A later session outlined the ongoing transformation of the 11th Street Bridge Park, which will repurpose a major Washington, D.C. freeway marked for demolition into a community-centered river park and civic space. The project, which hopes to improve public health, engage residents with the Anacostia River and boost inclusive, equitable economic growth for Washington, D.C.'s historically marginalized Ward 8 neighborhoods, began with over two years of conversation with community stakeholders. These efforts, said Scott Kratz, senior vice president of Building Bridges Across the River, are critical for providing agency to community members and safeguarding their investment.
“We needed to be intentional with this work,” he said. “There’s over a billion dollars of economic development coming into Ward 8 in the next five years. By the time the park opens, we’ll have been investing in these equitable development strategies for over a decade, strategies driven by the community.”

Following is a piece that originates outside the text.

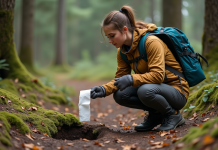 Jeune femme en randonnée utilisant du papier biodégradable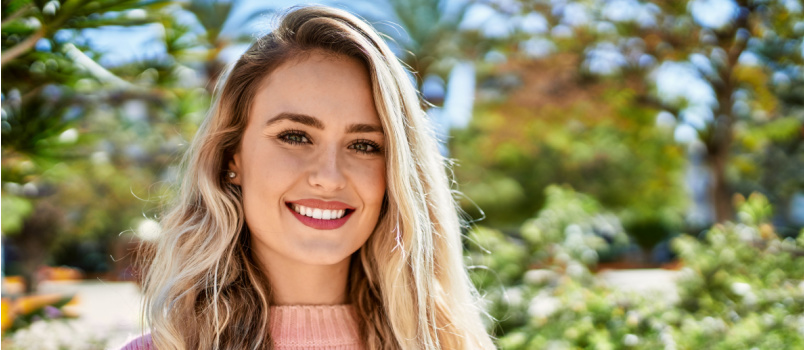 Young Bold smiling woman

Launched this academic year, UMD’s creative placemaking minor engages students studying architecture and visual arts in the participatory, community-led process of nurturing vibrant, socially responsive places. Students interested in joining the inaugural minor cohort this fall will work in studio and in diverse, local communities to advance community goals, protect and celebrate identity and spur equitable economic development. The minor hopes to eventually expand to students in other programs such as performance art, art history, creative writing and landscape architecture.
“We are extremely excited to receive our first round of applicants this spring,” said Assistant Professor of Art Brandon Donahue-Shipp, who will lead the studio art concentration.
The collaborations and depth and breadth of the projects presented at the symposium offer a model for how multidisciplinary collaborations can help advance a community’s vision for the future, says Professor Ronit Eisenbach, director of the minor.
“It is so exciting that here at the University of Maryland, we are creating a way for undergraduates to learn about and engage in place-based and hands-on community work,” she said. “This is an opportunity for students to understand the expansive nature of their skillset; that the work of arts and design professionals can spark dialogue, build bridges and contribute to the idea of a place as a work-in-progress. We can be part of that participation and conversation.”